- [Your objective] Write out exactly the lines between the line containing "PETITE LAMPE MAISON" and the end of the records, counting both ends, and leave out all pictures.

■ ■ ■ ■ ■ ■ ■

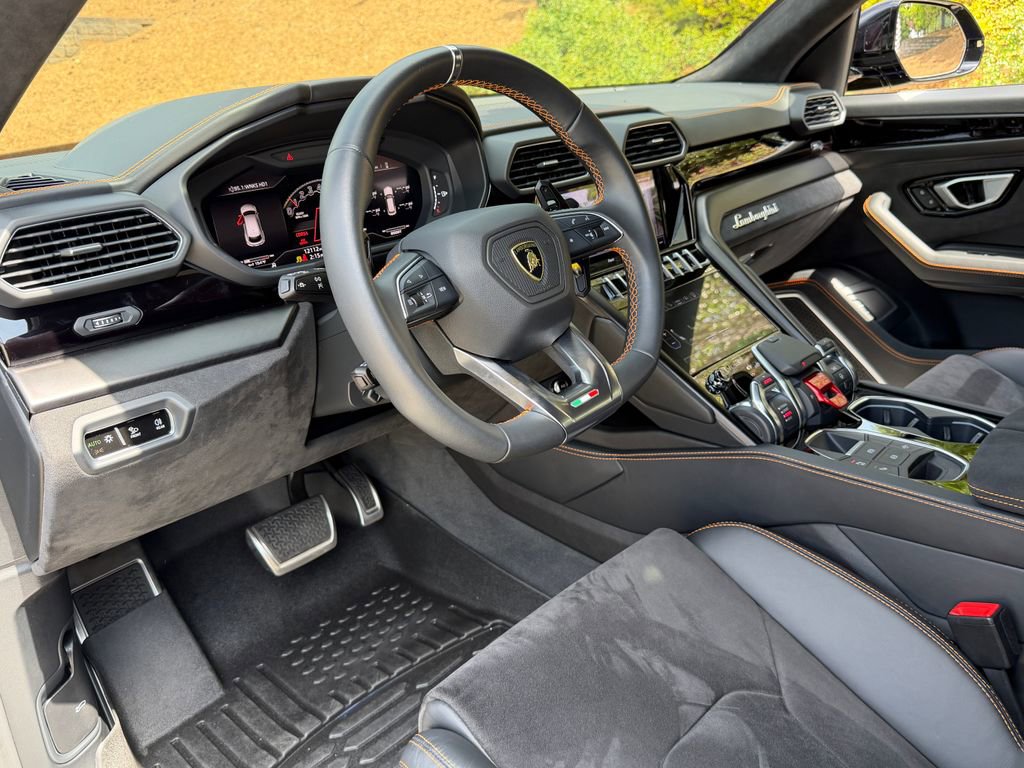 Used 2023 Lamborghini Urus S image 15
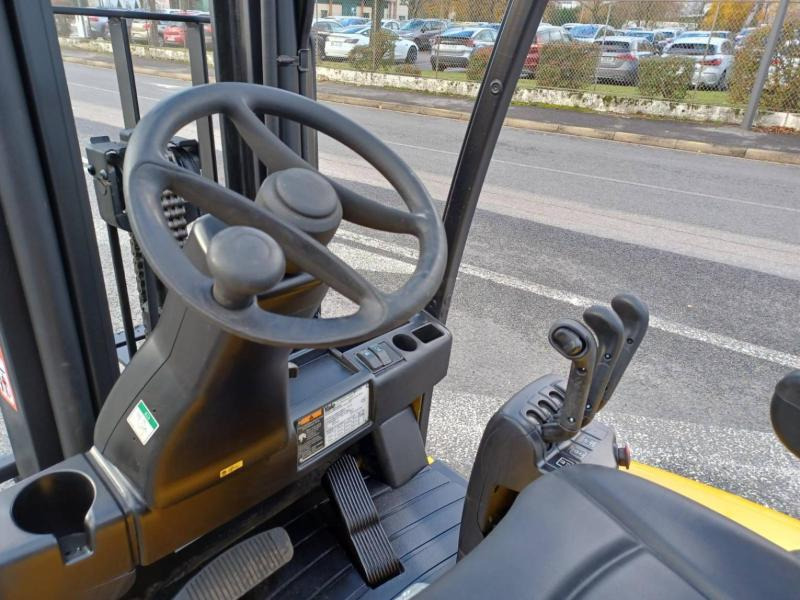 Električni viličar Yale ERP16VTMWB: slika Električni viličar Yale ERP16VTMWB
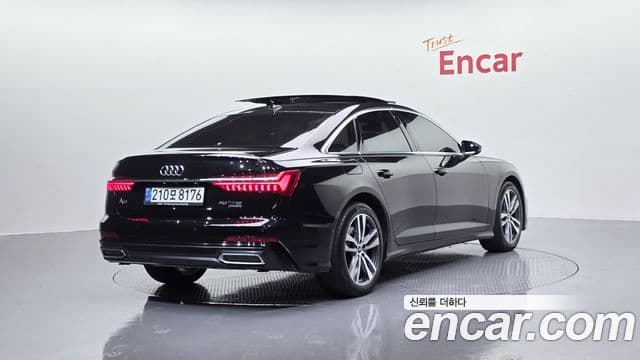 Audi A6 2022 — ფოტო 2/20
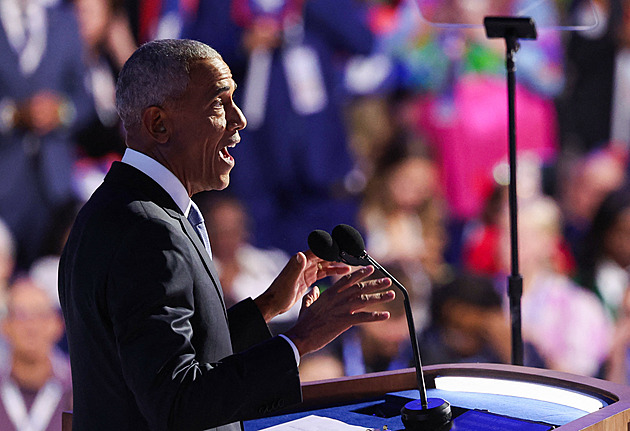 Harrisová je na funkci připravena, vyhráno ale není, řekl na sjezdu Obama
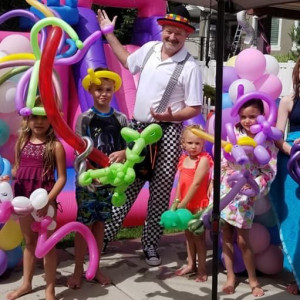 Balloon Man Shan - Balloon Twister / Outdoor Party Entertainment in Salt Lake City, Utah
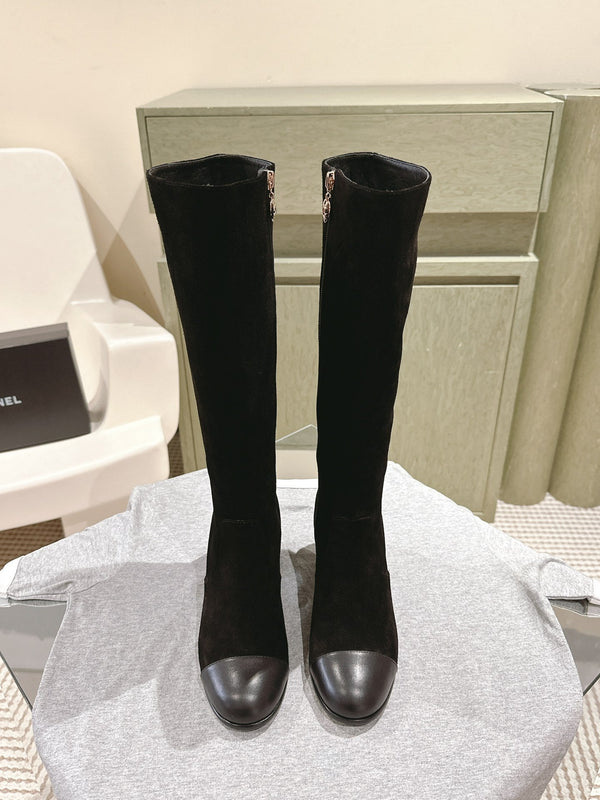 CC 24 FW Knee-High Boots 70mm Black Suede & Cowhide 447187
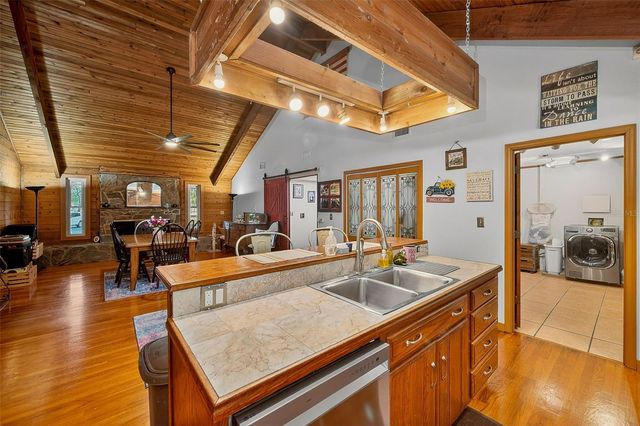 2635 N DOVER ROAD, Dover, FL 33527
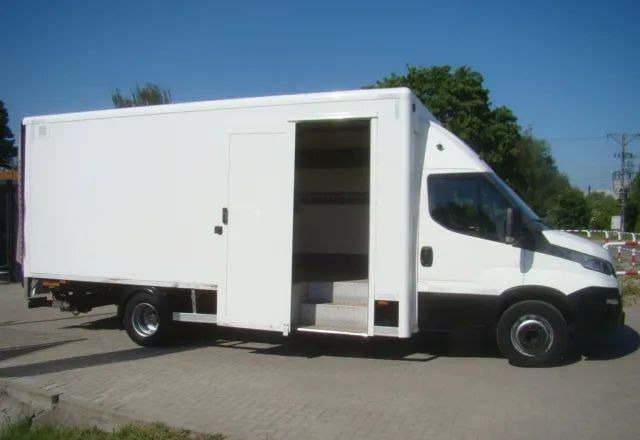 Iveco DAILY 70 C 18 3.0TDI 5.45M WINDA 1000KG - Box van: picture 4 Iveco DAILY 70 C 18 3.0TDI 5.45M WINDA 1000KG - Box van: picture 4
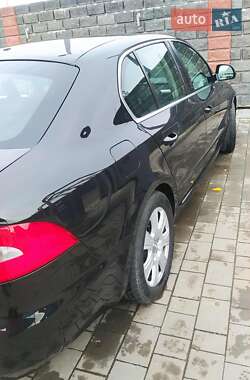 Ліфтбек Skoda Superb 2012 в Виноградові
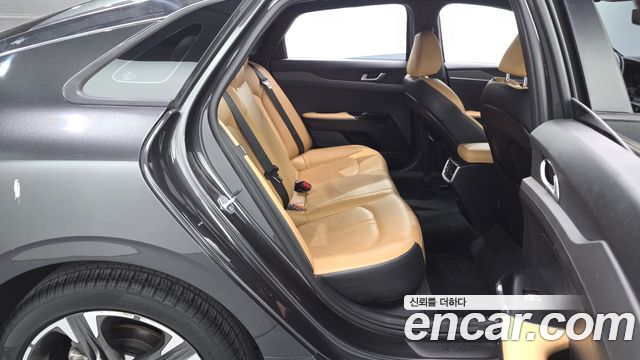 Kia K5 (III) 2.0 Prestige 2022 — фото 11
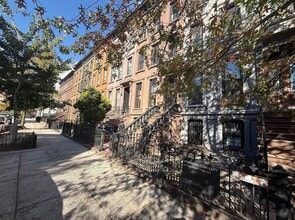 31 Herkimer St, Unit 1 in Brooklyn, NY - Building Photo - Building Photo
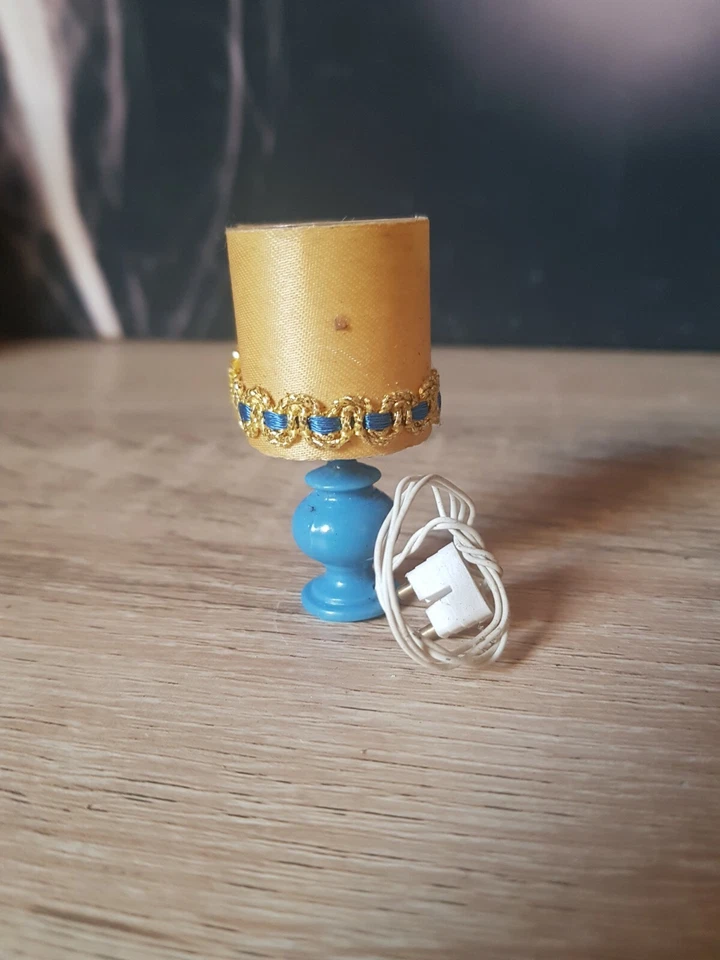 PETITE LAMPE MAISON DE POUPÉE MINIATURE ACCESSOIRE JOUET VINTAGE - Photo 1/4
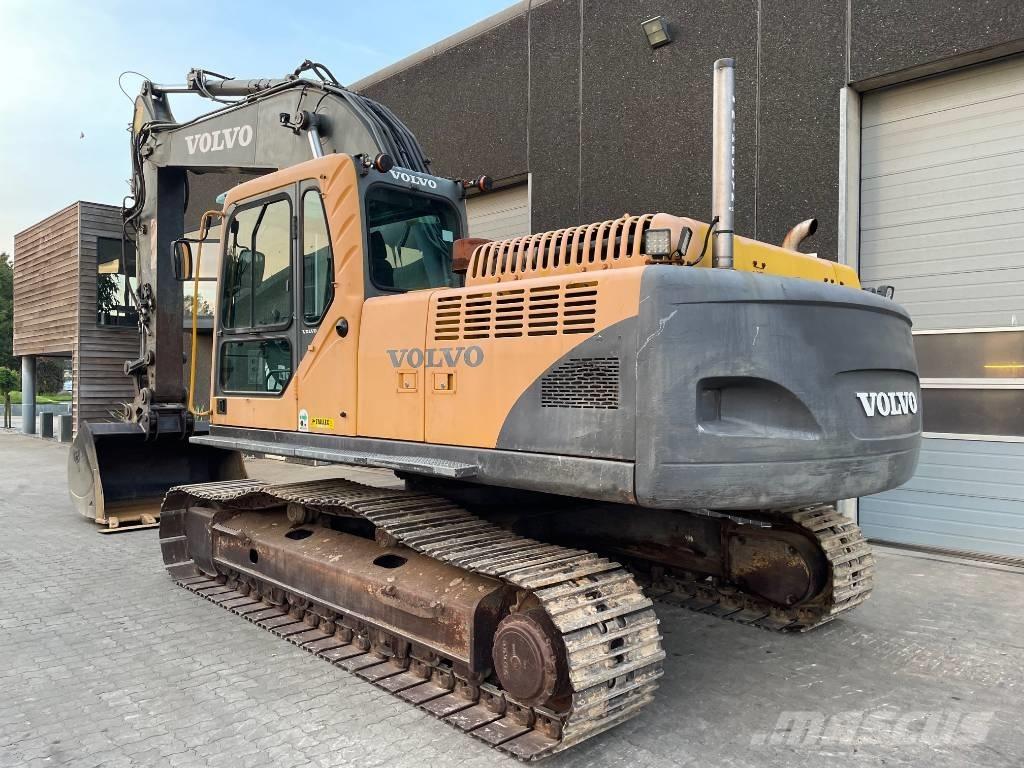 Volvo EC240B Raupenbagger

■ ■ ■ ■ ■ ■ ■

- [Response]
 PETITE LAMPE MAISON DE POUPÉE MINIATURE ACCESSOIRE JOUET VINTAGE - Photo 1/4
 Volvo EC240B Raupenbagger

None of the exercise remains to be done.